I never sold this sword, just worked on the photos. I had a chance to see it when Chris bought it from someone else.

The Sadamune answers are very interesting to me because to me the hamon looks a lot like Takagi Sadamune.

Also the Go and Tametsugu answers are interesting, because of the boshi...

Go generally will not have an o-kissaki. So going to Tametsugu from there is not too bad. Less known is Tachibana Yoshizane ... another son/student of Go but nothing survived and so is a "really bad answer" for kantei. But when I look at a blade like this makes me think about a smith like that with lost work. Hata Nagayoshi, on the hada and nie is an interesting call but there are no mumei assigned to him, just 3 Norishige-like tanto with signatures. Esshu Kuniyuki makes this kind of standing out hada too.

386742529_22006001100-EsshuKuniyuki.thumb.jpg.6e851660fde3474389432ac41b271439.jpg

 

The Sa Sadayoshi call though if you look at the other Sadayoshi, is very good and relevant. There are a lot of O-kissaki blades with bright nie and vivid hada in the group of Samonji students and they are all very highly ranked.
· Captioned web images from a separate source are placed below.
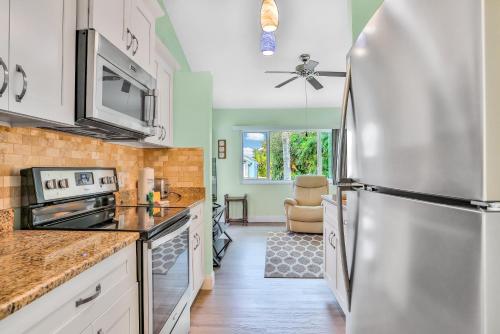 a kitchen with a stainless steel refrigerator at Happiness Comes in Waves in Cape Canaveral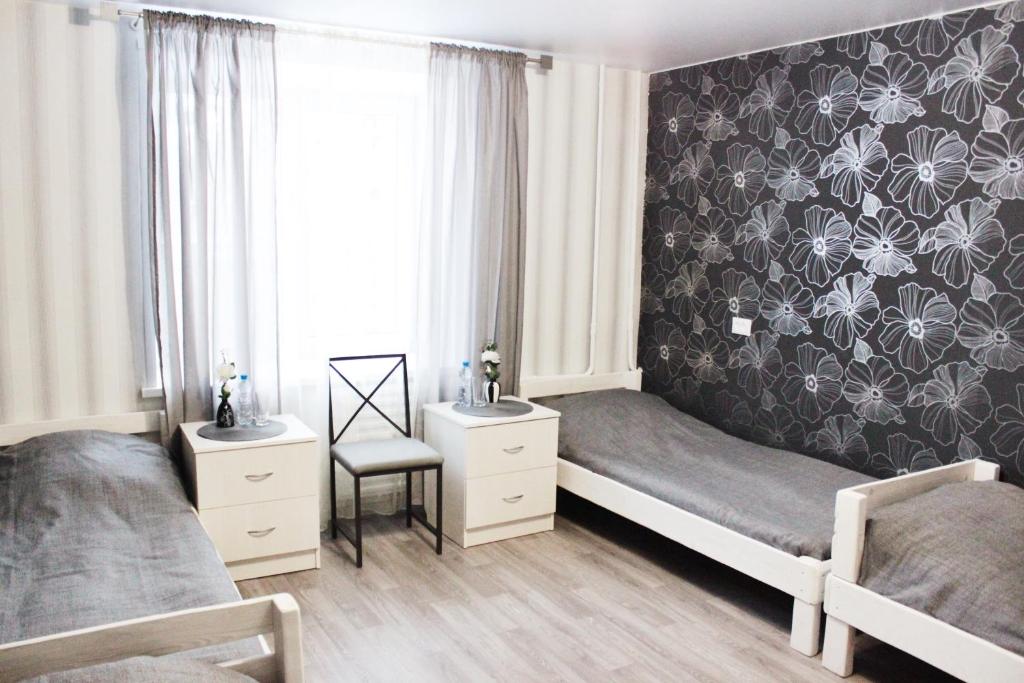 a bedroom with two beds and a black and white wallpaper at Stars Hostel in Yaroslavl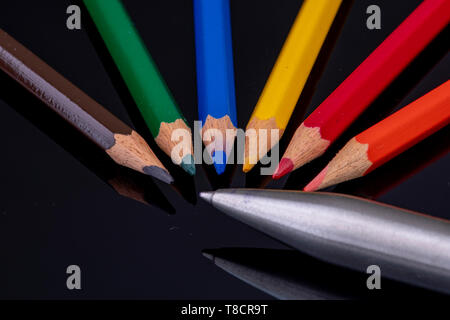 Le punte colorate matite in legno su uno sfondo nero con immagine speculare rispetto a una penna a sfera Foto Stock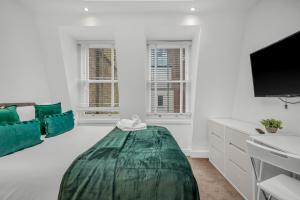 a white living room with a couch and a tv at Two Bedroom Serviced Apartment in Artillery Lane in London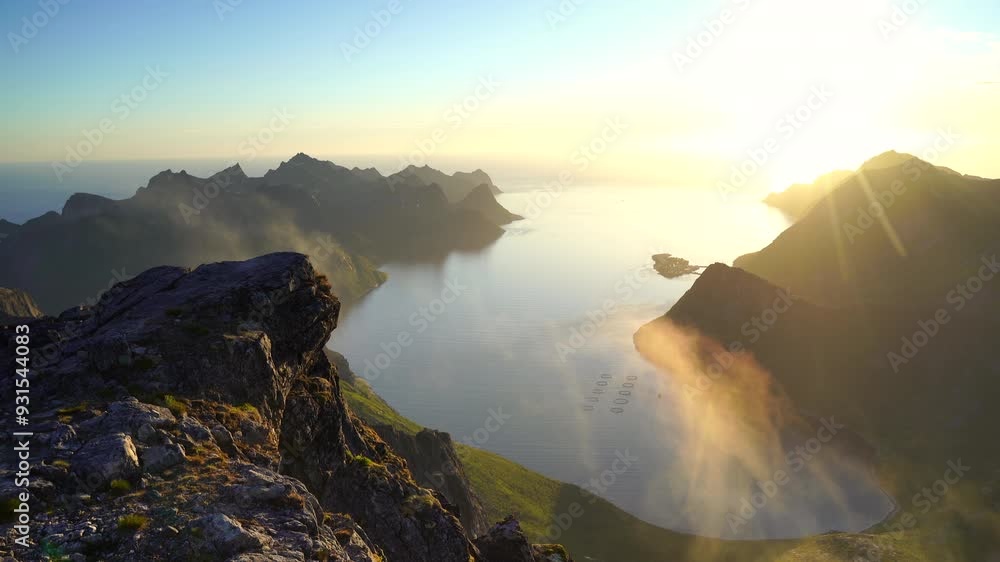 Clouds and the midnight sun from summit Keipen on Senja, Norway. Clouds and the midnight sun from summit Keipen on Senja, Norway.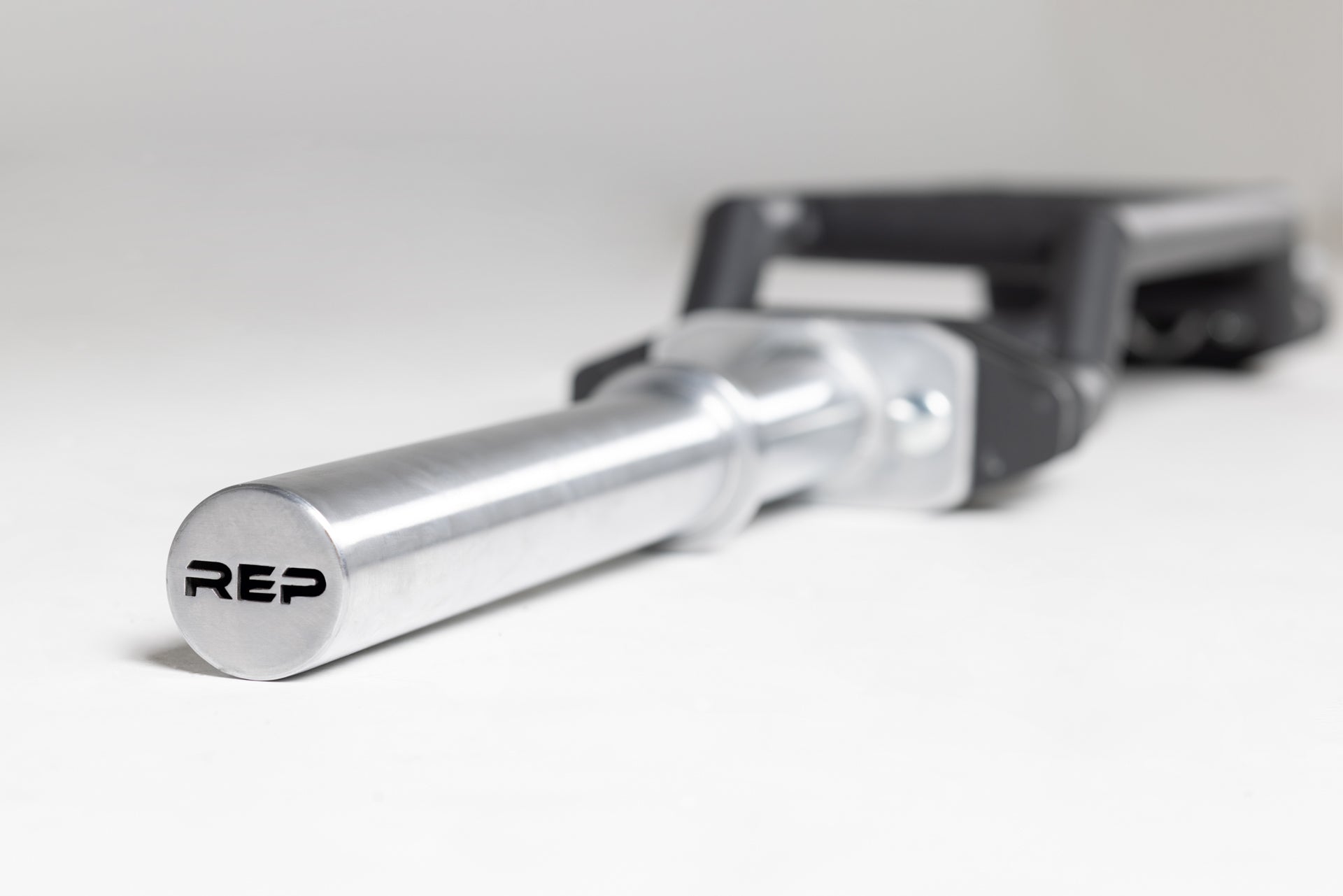 Cambered Swiss Bar premium chrome sleeve with REP logo.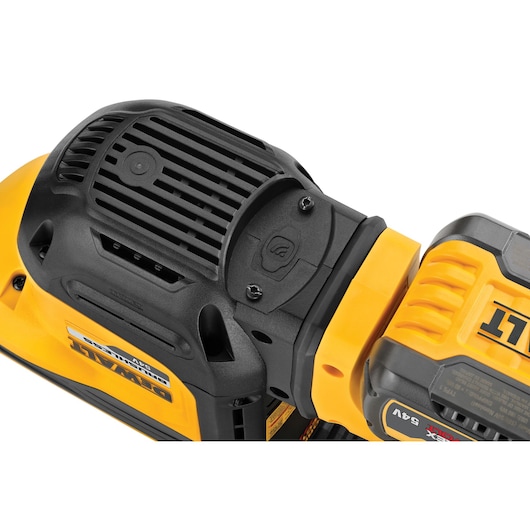 Close-up of a DEWALT power tool vent and battery, showing brand logo and textured yellow and black casing.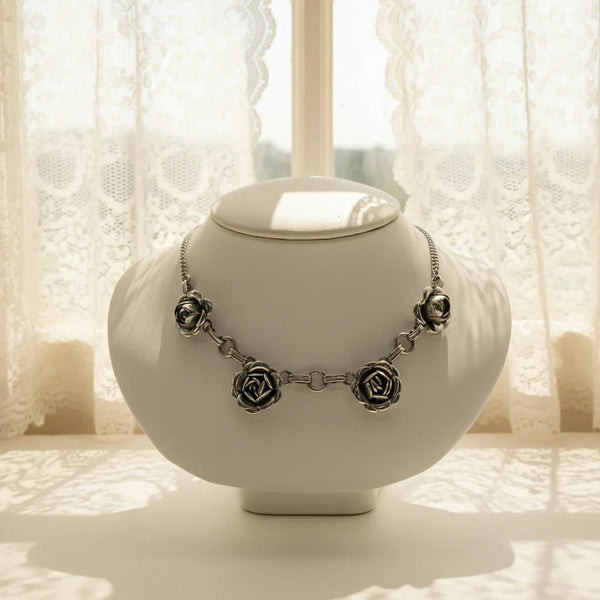 The delicate silver tone necklace boasts four stunning roses, each intricately designed and skillfully crafted. Measuring 16 inches in length, it's perfect for adding a touch of vintage elegance to any outfit and especially for a special occasion. Rest assured, this necklace is in excellent condition and ready to be worn with pride.
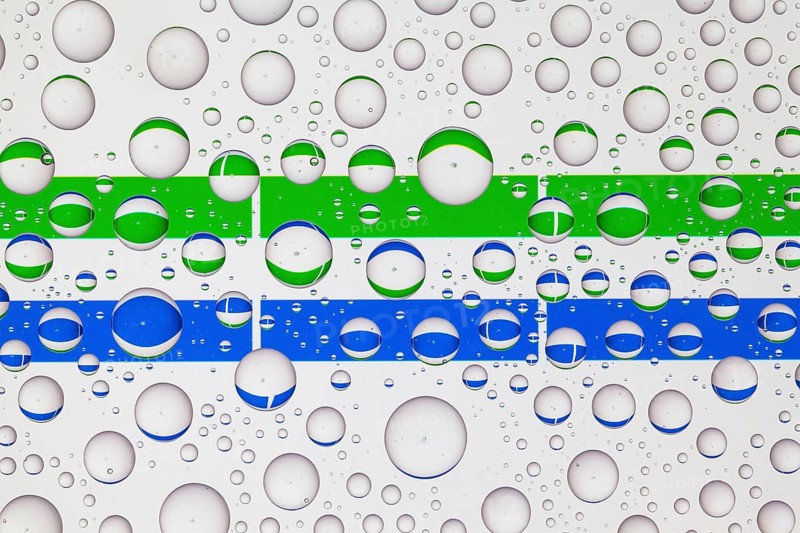 Flags of Sierra Leone behind a glass covered with raindrops. 3D illustration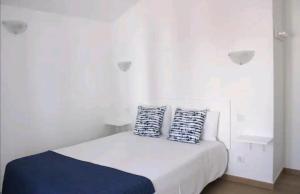a white room with a bed with two pillows on it at Sudoeste Guest House in Odeceixe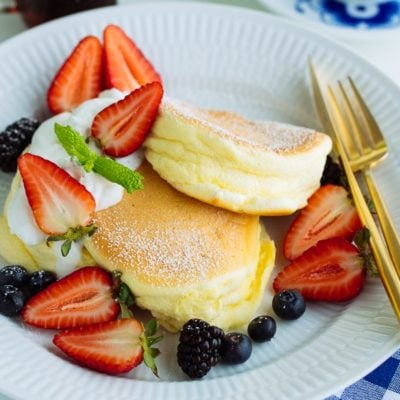 Japanese Souffle Pancakes with berries and fresh whipped cream.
Here is another and you can see the similarities in hamon structure and blade shape.

 

1304884937_11050013900-SaSadayoshi.thumb.jpg.639b74879f42c199c9640caf88536313.jpg


And if you have seen something like the following you can go right into the Sa group.

046.thumb.jpg.82f1f9159ce27941e105202d18bebcae.jpg

048.thumb.jpg.c16310a6d5e9391d622e217943dbe22a.jpg
 

I would have said Takagi Sadamune as my answer if I didn't know what it was already. But when you look at the other examples the rationale is very clear as to the attribution.